The kingdom of God is full of unexpected reversals. Think of the hymn “O For a Word”, where we sing, “The poor are rich, the weak are strong, the foolish ones are wise. Tell all who mourn, outcasts belong. Who perishes will rise.”

When we apprentice ourselves to God, God comes, as one who demonstrates to us and for us the reality that it is in the service of others that we find profound joy on both sides of the equation …

But all of these reversals! It just doesn’t seem right! If things can get reversed, how will I know I am absolutely in the right? I love to be right! Don’t you love to be right?

The Israeli poet living in Palestine, Yehuda Amichai, puts it this way in his poem, “From the Place Where We are Right”:

‘From the place where we are right
Flowers will never grow
In the spring.
The place where we are right
Is hard and trampled
Like a yard.
But doubts and loves
Dig up our world
Like a mole, a plow.
And a whisper will be heard in the place
Where the ruined
House once stood.”

To tend God’s garden we must be ready to dig up the hard and trampled yard of our “being right all the time” and allow loves and doubts to dig up our world so we can plant God’s crops of patience, mercy, compassion, justice, and hope.
 
So my friends, what are we waiting for?

We are not waiting to be rewarded for good behavior! Nor are we waiting to be punished for all we have done wrong. We are waiting to have our expectations reversed without our even knowing what it is that we await! We are waiting so we can understand the whole reward/punishment system is one the Master is trying to apprentice us out of! That our treasures are in the most unlikely places, hidden in plain sight in our very breath, in our experience of life itself (which by the way keeps happening as we are waiting, if we will but wait in each present moment – the only place where we can encounter God!)

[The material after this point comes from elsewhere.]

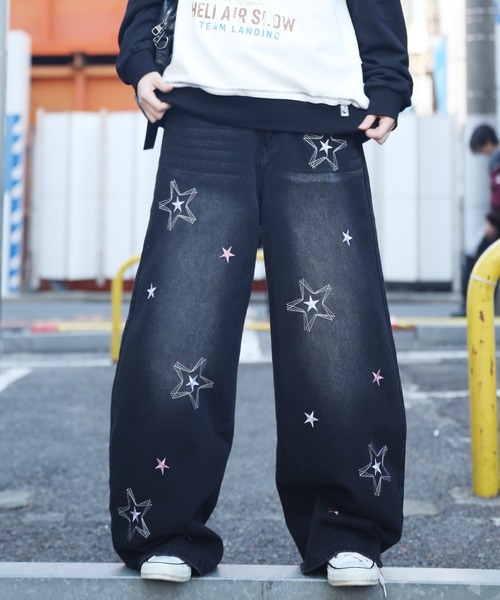 ワイドパンツ ジーンズ HOOK -select- スター刺繍デザイン ワイド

God is teaching us how and where to wait. Be present to the One who is always and everywhere present. Be present to the reality of God in each other, in the world, and in ourselves. To be present to the surprising mercy and justice God brings to us as a gift, which we are to discern.
 
Where are we in our waiting? Are we present in our waiting? Or are we somewhere in the past thinking about all the opportunities missed or resentments held? Or are we in the future, dreaming about the false self’s victory over losses, mistakes, prestige and power?
 
James Joyce reminds us,

“Hold to the now, the here,
Through which all future
Plunges into the past.”

Be dressed and ready for action. Have your lamps lit. There is something to see! Come into the light and move out of the darkness. See what is right in front of you. What is all around you. What is within you. For God wants you to have the Kingdom on earth as it is in heaven.

Be Ready – for the unexpected hour may be now! As Anthony Mello says:

“I called through your door,
The mystics are gathering
in the street. Come out!”

“‘Leave me alone. I’m tired.
And I think I’m sick.’”

“I don’t care if you’re dead!
Jesus is here, and he wants
to resurrect somebody!”

Remember this isn’t about being afraid of punishment. This is about an invitation to be blessed. “Be dressed with compassion, kindness, humility, meekness, patience, and mercy.”

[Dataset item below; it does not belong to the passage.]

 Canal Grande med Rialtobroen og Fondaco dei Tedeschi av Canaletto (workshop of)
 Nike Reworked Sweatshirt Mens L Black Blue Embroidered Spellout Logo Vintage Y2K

Be alert: stay conscious in this present moment, which is a gift of unspeakable value. Our greatest treasure.

Remember Jesus said, “And I will come and serve you. I will feed you the bread of life. I will serve you the cup of salvation.”

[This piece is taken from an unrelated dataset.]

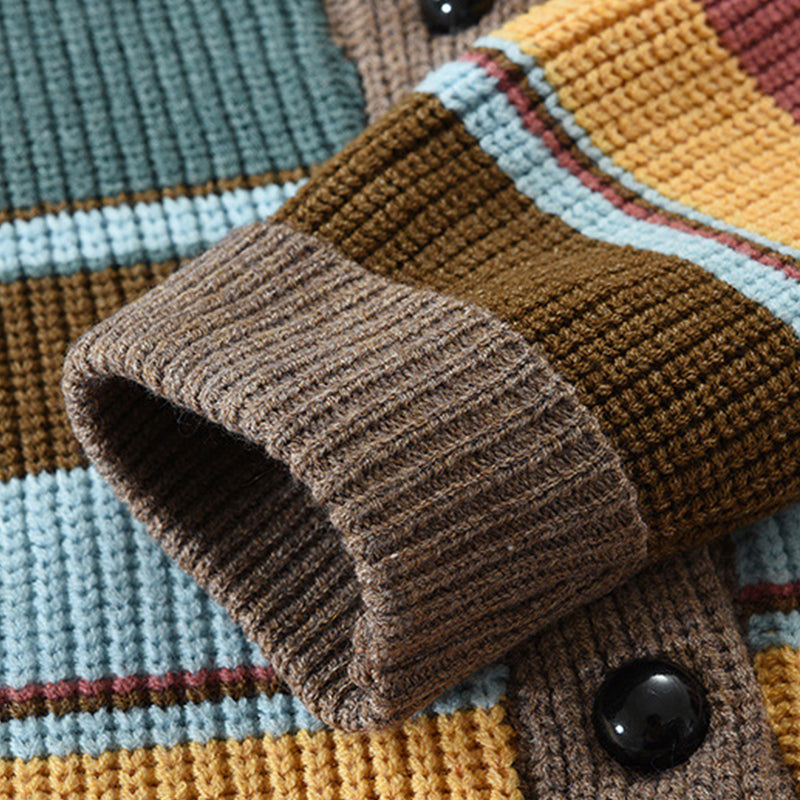 Sweter Męski z Kołnierzem w Stylu Colorblock | Elegancki Kardigan na Chłodne Dni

Wait! I think I just heard something. Was it a knock? I’m going to go check. I’ll be right back.

In the meantime please stay awake! Be dressed for action, Remember when we apprentice ourselves to God, who is Love, – only Love is coming our way!

It may be love that is mysterious.
It may be love that is harsh and dreadful.
It may be love that is broken and battered.
It may be love that rises from our broken dreams.
It may be love we hardly recognize at first
Until God’s dazzlingly new world shines through.
 
Love is coming! Let’s be ready! Amen.